Noelle Phares: Salty and Dark
July 11–September 6, 2025
COL is proud to announce Salty and Dark, a solo exhibition of new works by Denver-based artist Noelle Phares, opening July 11th. Organized by Jordan Pieper, the exhibition marks a significant evolution in Phares’s practice, merging her signature exploration of the ecological with an intimate meditation on personal transformation and motherhood.
Phares is known for layered compositions that hold natural topographies and architectural frameworks in fragile tension—visualizing the entanglement between ecological beauty and human intervention. With degrees in biochemistry and environmental science, her work brings a scientist’s clarity and a painter’s intuition to bear on some of the most pressing environmental issues of today. Her landscapes depict places shaped by industrial expansion, energy infrastructure, or tourism—spaces where nature and human systems coexist, collide, and occasionally harmonize.
In Salty and Dark Phares turns inward. Created during and after a residency in southern France while pregnant with her first child, these works draw from the physical and emotional terrain of that experience. Expanding upon her preoccupation with the ecological and human interaction with the environment, this body of work is a meditation on motherhood, identity, and the femininity embedded in the land and life. Her palette is softer, alongside feminine symbolism–florals, felines, and female figures surface within her landscapes and architecture of the south of France is explored. “So much about that time felt salty and dark,” Phares reflects. “I was greatly unsettled by what I perceived to be the impending restrictions of motherhood… But after I met my little daughter, I realized that there was a lot of beauty in that precious time.” This deeply personal context is layered atop the ecological themes that remain central to her practice.
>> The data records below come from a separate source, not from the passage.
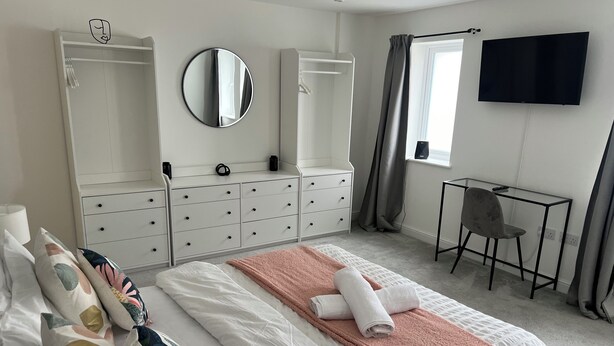 A bedroom with a bed, a desk, a chair, a TV, and a wardrobe. - Charming 2-bedroom apartment in Cardiff city center,  super fast WiFi Netflix (Cardiff)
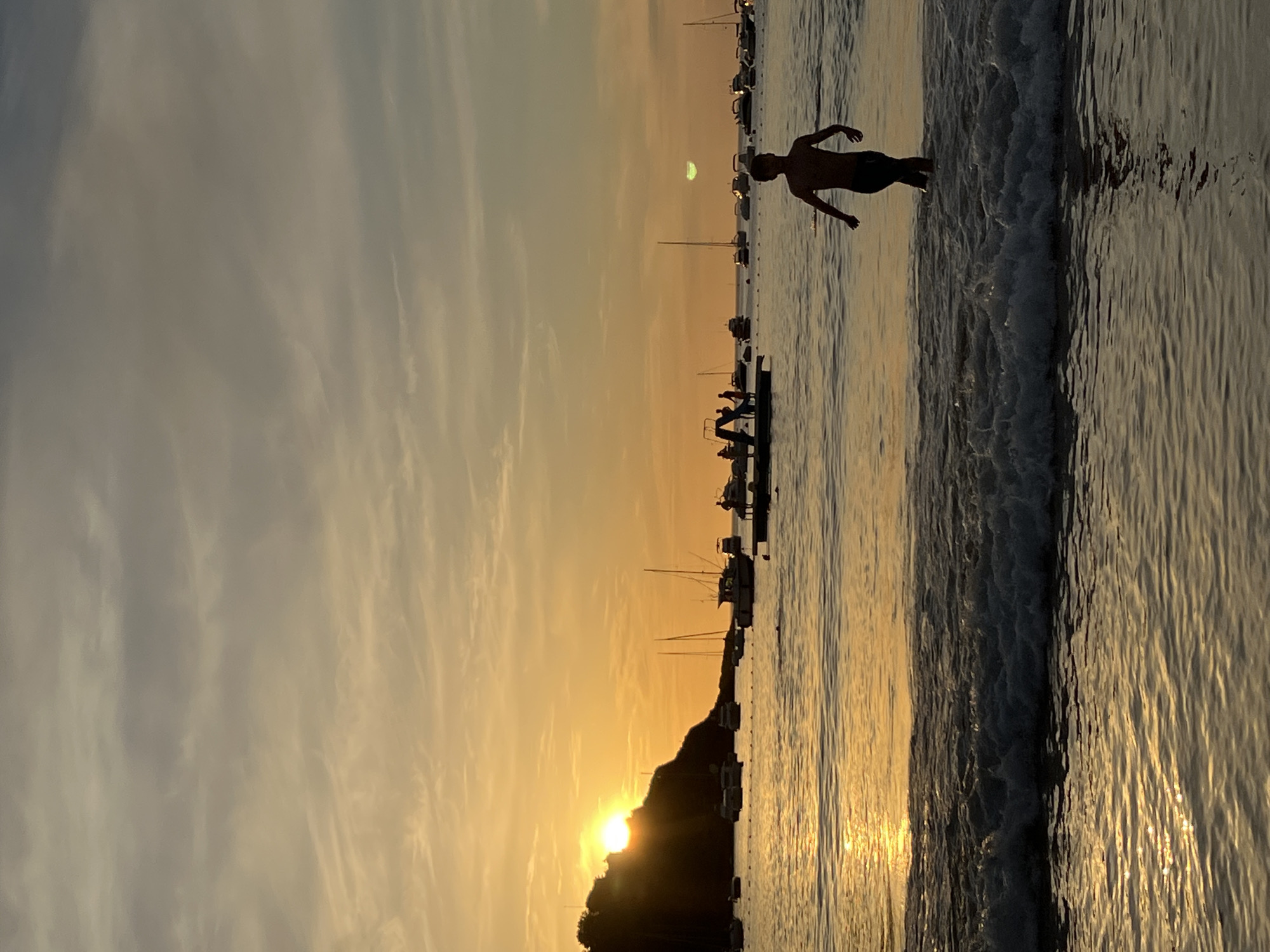A sunset scene unfolds over the Bay of La Concha in San Sebastián, Spain. The sun, partially obscured by a darkened hillside to the left, casts a warm, golden glow across the water, reflecting off the gentle waves. Several boats and yachts are anchored in the bay, their silhouettes adding to the tranquil atmosphere. In the foreground, a young person, silhouetted against the bright sky, walks out of the water. Further out, a floating platform is visible with several people on it, some appearing to be interacting. The sky above is a soft gradient of orange and grey clouds, creating a serene and picturesque setting.
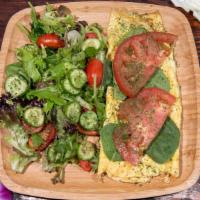 Veggie Omelette · Spinach and tomatoes. Add cheese for an additional charge.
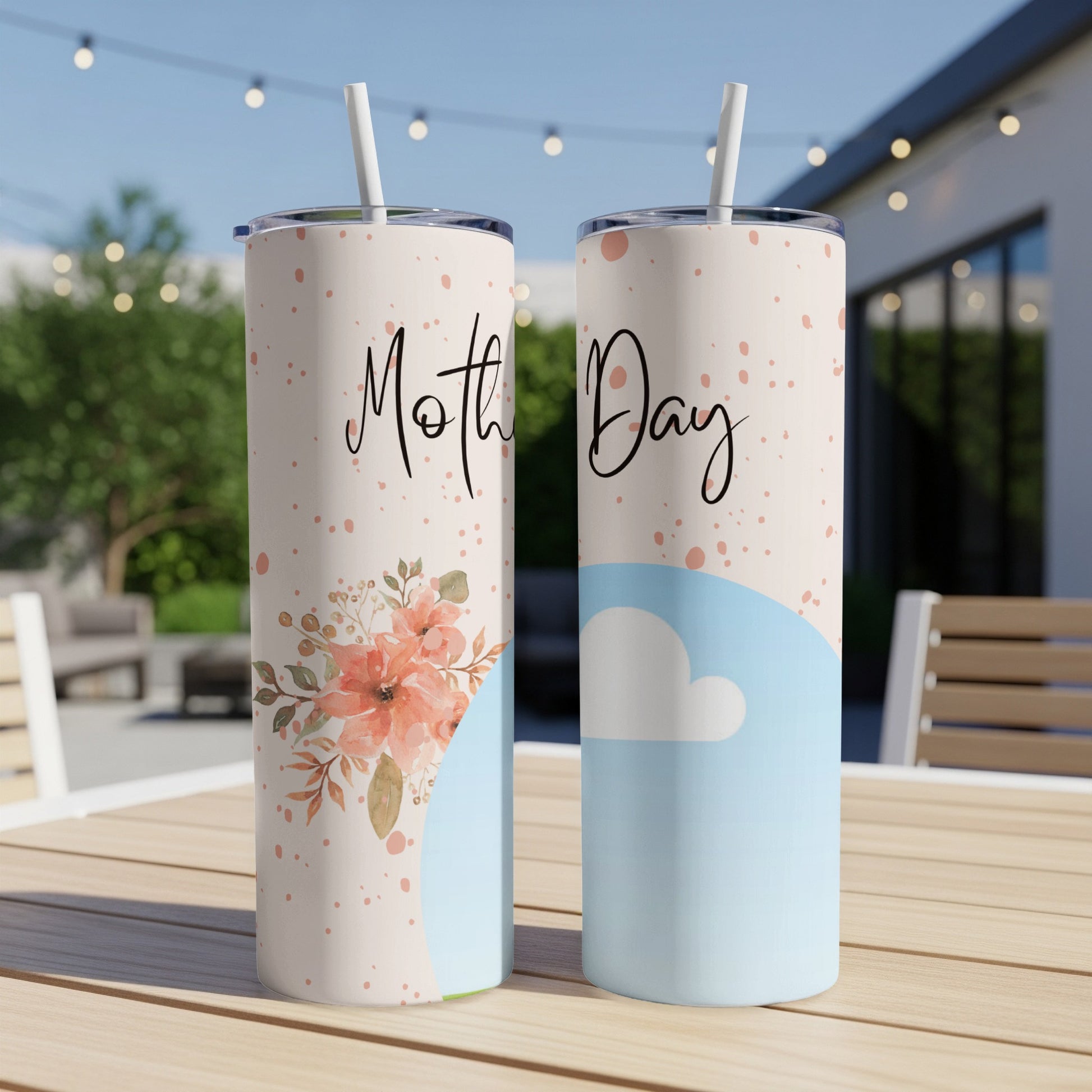 Two tumblers with "Mother Day" text, floral and cloud designs, on a table outdoors.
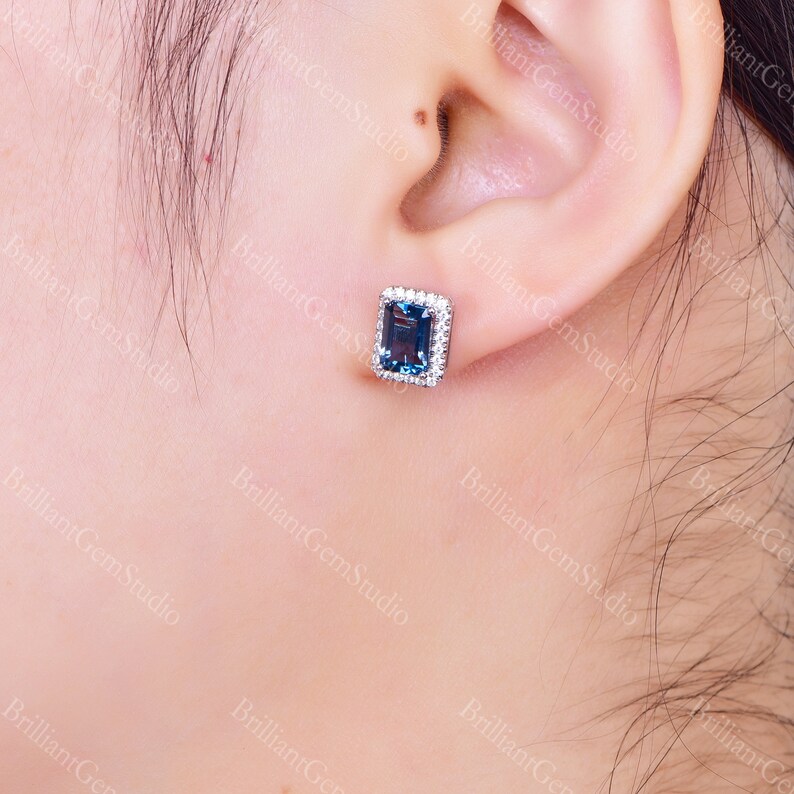 May include: A pair of silver stud earrings with a blue gemstone surrounded by smaller white gemstones.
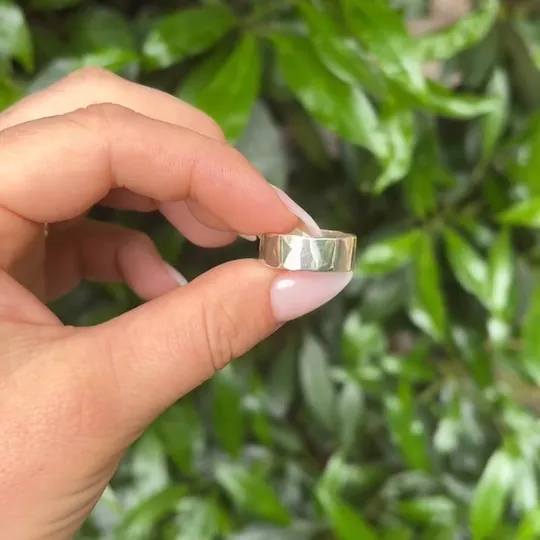 Hand hält einen goldenen Ring, grüner Blätterhintergrund.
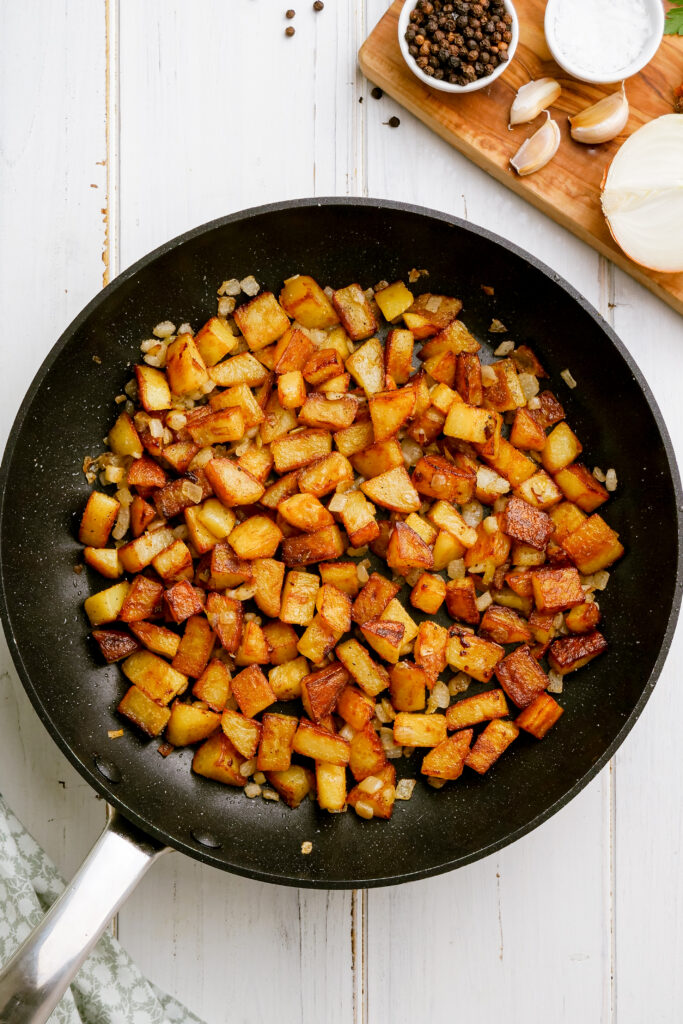 Home fries in a skillet, delicious golden potatoes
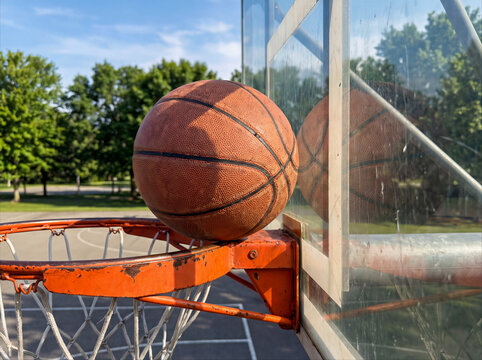 Basketball Stuck Against Backboard on Outdoor Hoop at Public Court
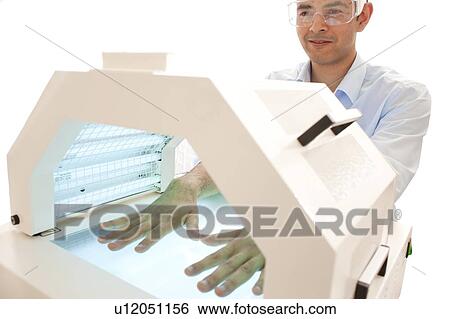 Stock Photograph - Phototherapy booth. Patient with their hands in a phototherapy box.. Fotosearch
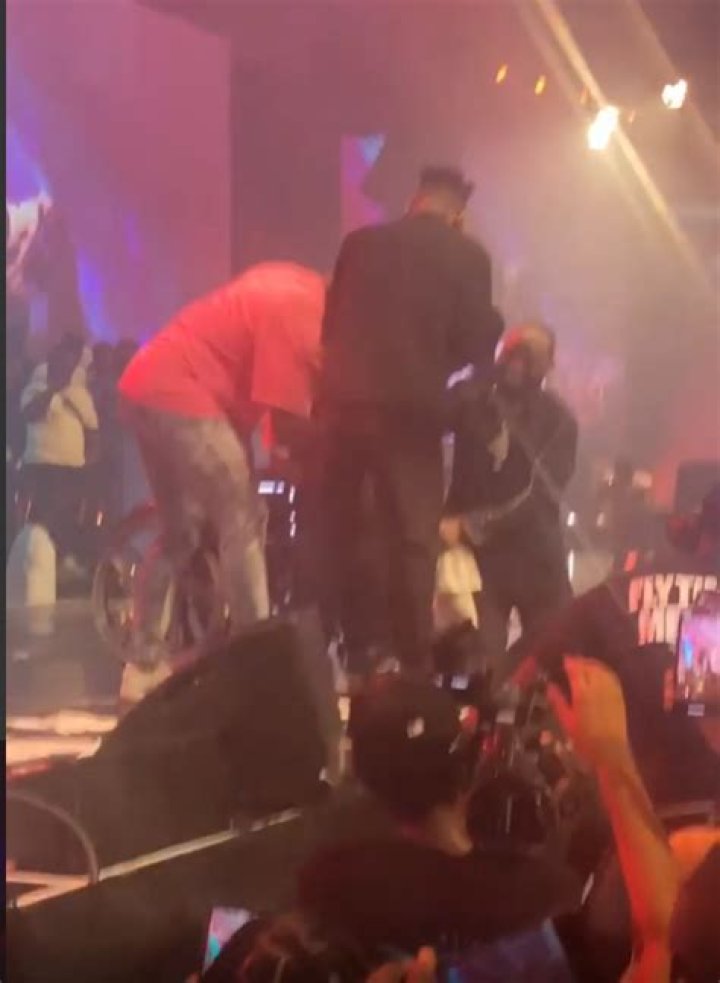 Singer Victony cheered by fans as he stands to perform for the first time since accident that confined him to a wheelchair (video)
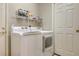 Functional laundry room with washer, dryer, and shelving for storage at 4226 Fairway Pl, North Port, FL 34287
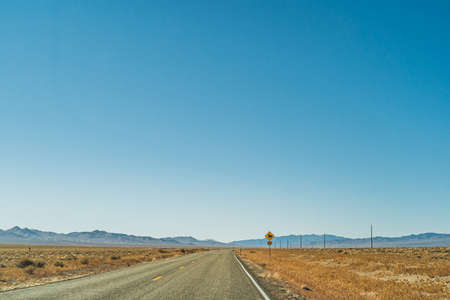 Two lane desert highway road leading to the horizon against clear blue sky and mountainsの写真素材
As she describes it: “People often remark at the seemingly unique marriage of abstract structure and landscape in my work. But in reality, that is what the world looks like these days: the stark break of a distant mountain view by the foreground shapes of the built environments we live in... I hope to both raise awareness of the fragile beauty of these places while also highlighting how beautiful and functional manmade design + nature can be if done with symbiosis, instead of nemesis, in mind.”
Salty and Dark offers viewers a unique convergence–the outer landscapes shaped by human touch and the inner landscapes shaped by transformation. This new body of work is both urgent and tender, intellectual and emotional—a reflection of an artist embracing complexity at every scale.